Floaters
Mars, Venus, Titan - wherever there's air, we can explore by balloon.
- By Joe Pappalardo
- Air & Space magazine, July 2006
(Page 5 of 5)
The metal balloon concept isn't quite ready for prime time. For this year's Discovery mission competition, Hall, Kerzhanovich, and colleagues from JPL and the Universities of California, Michigan, and Wisconsin at Madison submitted a more conservative concept. It uses layers of balloons, one tucked inside the other, and operates only in the upper Venusian atmosphere. An entry vehicle would jettison a folded, 17-foot-diameter balloon, which would inflate under a parachute, detach, and begin floating in Venus' upper atmosphere, protected from the acid clouds by a layer of Teflon film. The balloon would last about a month.
The JPL team finished a prototype of this Venus balloon in February, just in time to make the April deadline for Discovery proposals. If the design is selected this fall, the team will get more money to refine their study. Then, if they get the green light for full funding next year-a long shot, admittedly-their projected launch date to Venus would be the autumn of 2013.
Along with the technical details, a scientific paper by Kerzhanovich's Discovery proposal team includes a stirring vision of what their invention might spawn. "In the not-too-distant future, aerial rovers directly descended from the Venus aerostat could be plying the skies above treacherous landscapes and inhospitable depths of a number of worlds across the Solar System.... Such an aerial vehicle funded on a Discovery-class budget would herald a new era in planetary exploration."

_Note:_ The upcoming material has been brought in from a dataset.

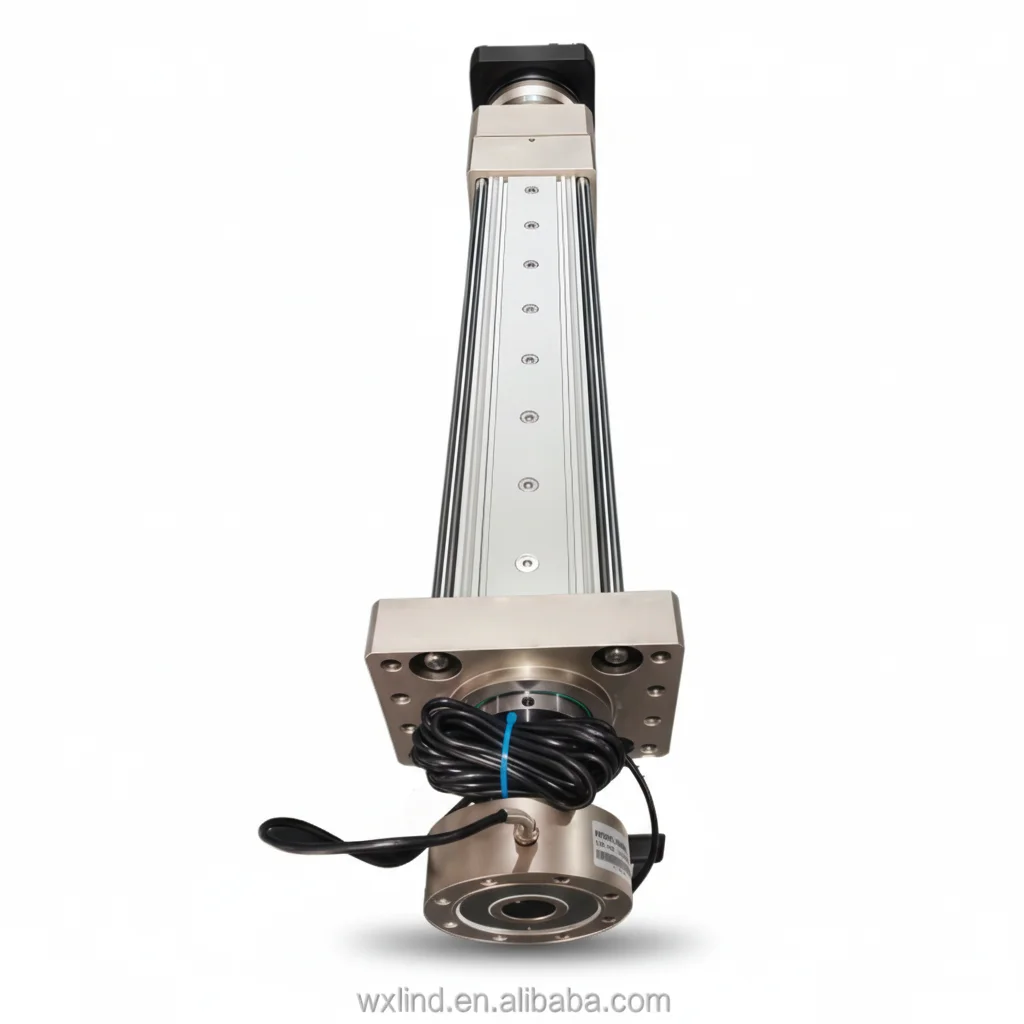 LIND LDE125 500mm Stroke Long Life Quick Response Core Anti-rotation Rod Precise Positioning Bearing Servo Electric Cylinder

The aerobot researchers are well aware that they've got a lot of hard engineering to do first. And there's always that frustrating Catch-22 of the space business: You can't fly until you're proven, and you can't be proven until you fly. But don't cry for Jack Jones, Jeff Hall, and their crew, whether testing prototype airships in Oregon or over a tabletop in California. They'll tell you themselves: It may not be easy to be a balloonist in a world of rockets and wings, but it sure can be fun.